Where is the best place to keep these?


----------



## seedspreader

If it were me, I would continue to store them in my basement (as long as it's dry) My basement is not dry and I store them in the garage. It really does take a lot to blow up those little canisters.


----------



## unregistered29228

I've stored those little cannisters in the garage and basement for years, but after someone on this board told the story of a fire and how the cannisters blew up and the fire department couldn't get near the house to put it out, I moved them.

I have them in the barn now, a good 200 yards from the house, and stored in an area that usually doesn't get over 100F. If they get too hot and blow up out there, at least they weren't in my house.
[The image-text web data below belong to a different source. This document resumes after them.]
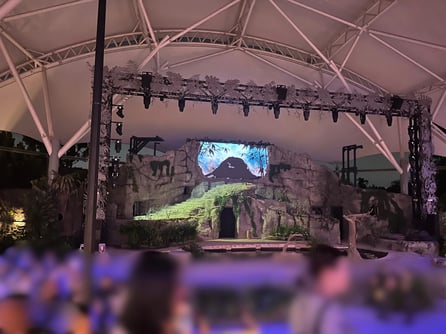 【ナイトサファリ 】優先乗車付マルチランゲージ（日本語ガイダンス）トラム確約＋アニマルショー（JTB座席指定）鑑賞＜往復送迎付／夕食付＞＜往復送迎付／夕食なし＞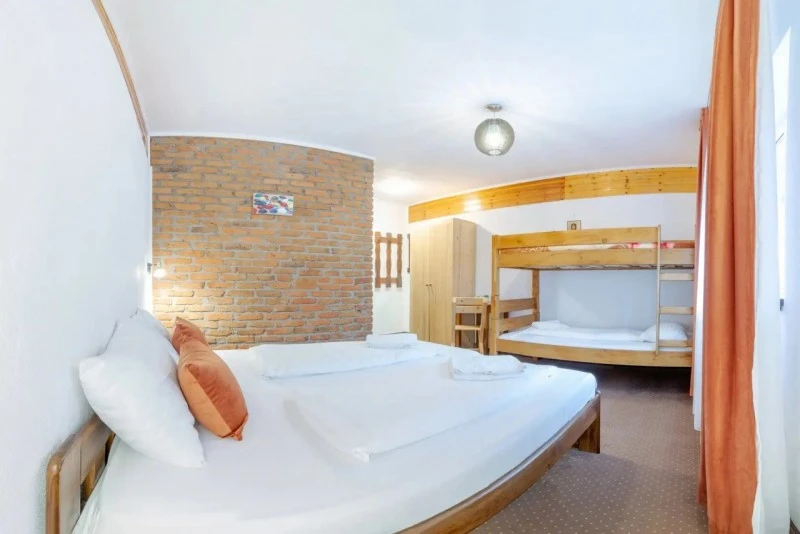 Zernest Szállás | Turisztikai panzió (K1550-23) A kép szerzői jogvédelem alatt állhat. Javasolt a kapcsolatfelvétel a jog tulajdonossal.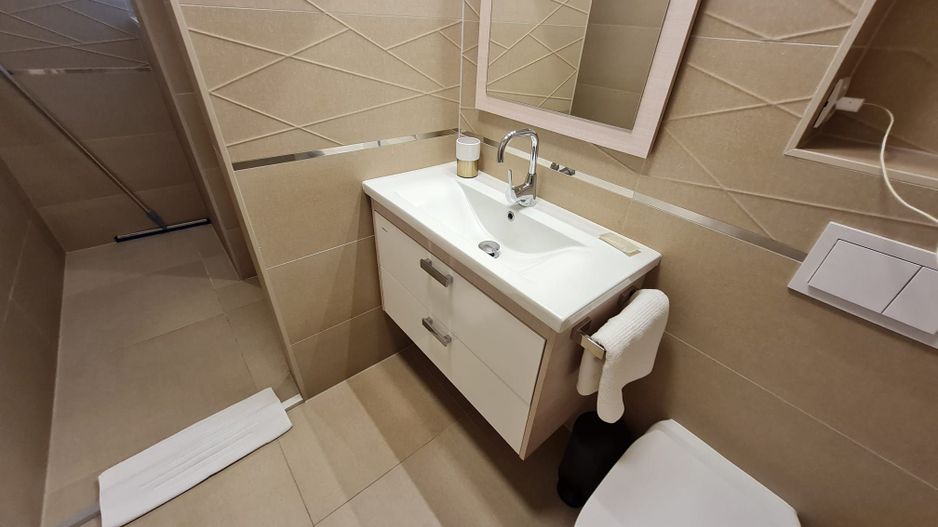 Elegantă și prestanță - Poză 6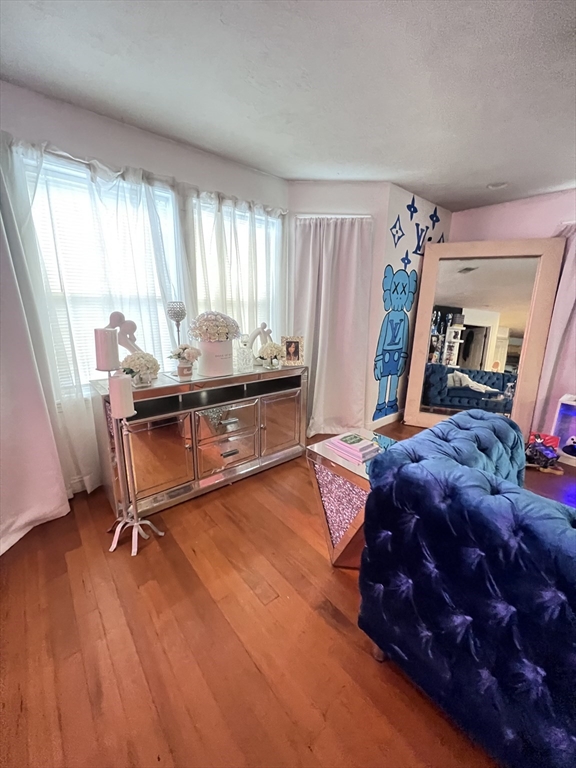 72 Geneva Ave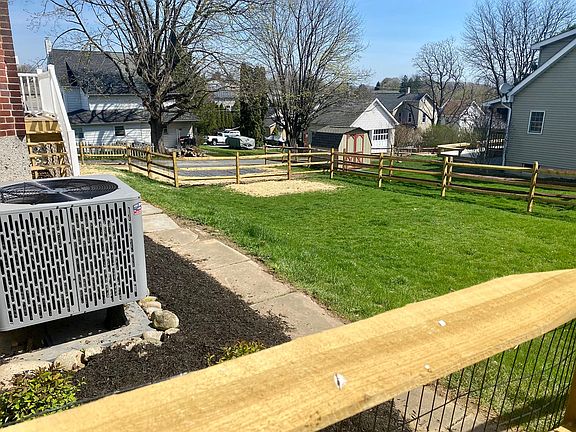 Large Fenced in Yard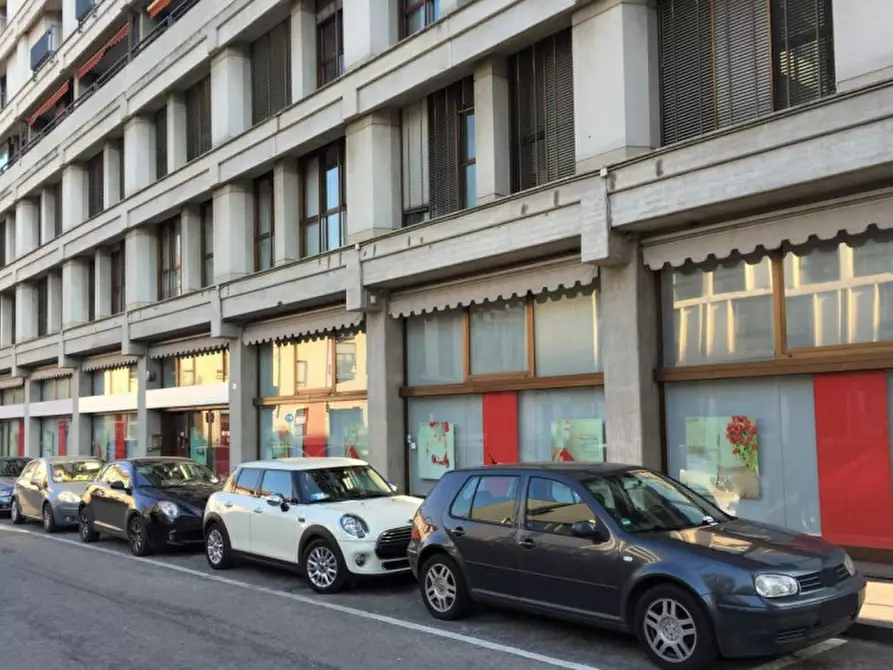 Immagine 2 di Ufficio in vendita  in Piazza Alcide De Gasperi, N. 34 a Padova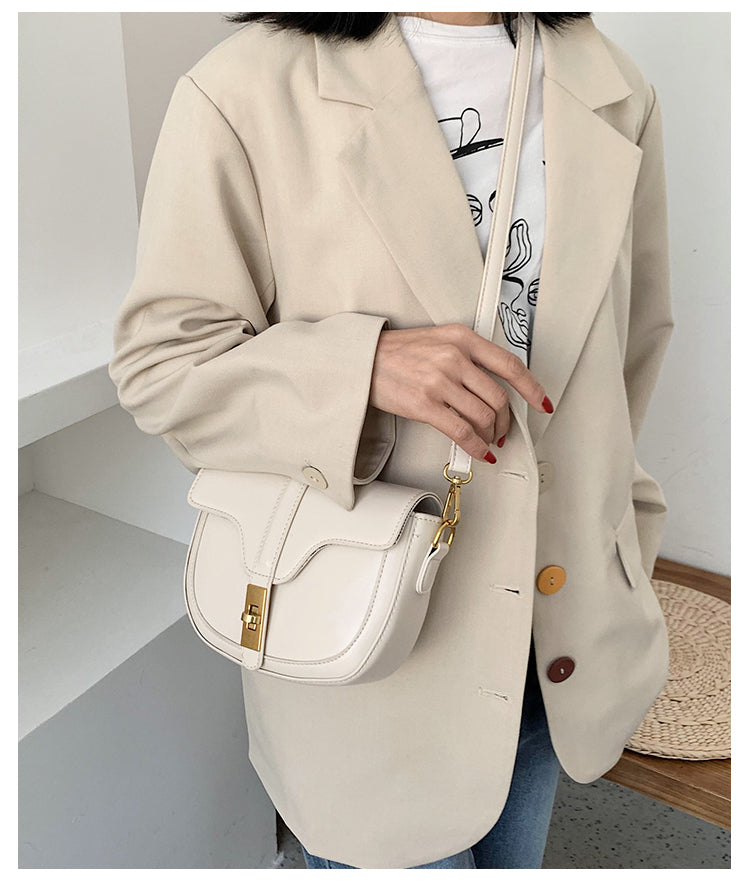 Retro Shoulder Bag photo 3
And if my house catches on fire, God forbid, the cannisters won't be adding to the destruction.


----------



## seedspreader

I figure that they are UL tested and they store them inside Wal*Mart and all the stores, so they are fairly safe. I have more ammo that I would be worried about in a fire than I do propane tanks.


----------



## Kari

Before storing propane in your home, check your home insurance policy. Our policy specifically states that propane (along with other chemicals) are forbidden to be stored in the house.

As for the worry about storing it in a barn...don't worry. I have yet to experience or hear of a barn in normal circumstances getting anywhere near hot enough to put propane in an unstable state...


----------



## Reptyle

Just don't use a match to go looking around when you smell a strange odor in the basement. Might go BOOM.


.


----------



## hooyeah123

You can buy an adapter from sears that allows you to hook it up to a regular larger barbq propane tank. then you can just keep the tank outside. just a suggestion...


----------



## Guest

I would NEVER store propane in my basement. One leak and you're literally lying atop a bomb.

The garage is a little better if it's well ventilated. I store all of my propane in my workshop. The little one pounders inside, the twenty pounders in a rack in an open shop bay. My shop is not at all air tight so leak risk from the little canisters is fairly minimal.

Heat won't affect the canisters unless you've got them in the direct sunlight or in the attic or something.

.....Alan.


----------



## WayneR

Check them periodically for surface rust in the threaded portion of the bottle.
In a high humidity area you can seal the plastic cap to the bottle with a piece of aluminum tape (the type used on ductwork). NO OIL WHATSOEVER to prevent rust, as it could cause an explosion!!

You should weigh the bottles, mark the weight on them. Re weigh them annually as many of them will leak out, albiet slowly. Obviously, those that are leaking should be used first.


----------



## Spinner

I no longer store those little bottles. I had 6 of them and after about 6 months, 4 of them had leaked off empty. They were stored inside the house. I kept smelling propane and was constantly checking my lines for leaks. I'm glad I finally found the leak! Now I fill 10 gallon tanks, the kind used on camper trailers, and have an adapter to use with the small camping appliances. The adapter is available at WallyWorld for around $10. 

I hope you have better luck with them than I did. A friend had the same problem.


----------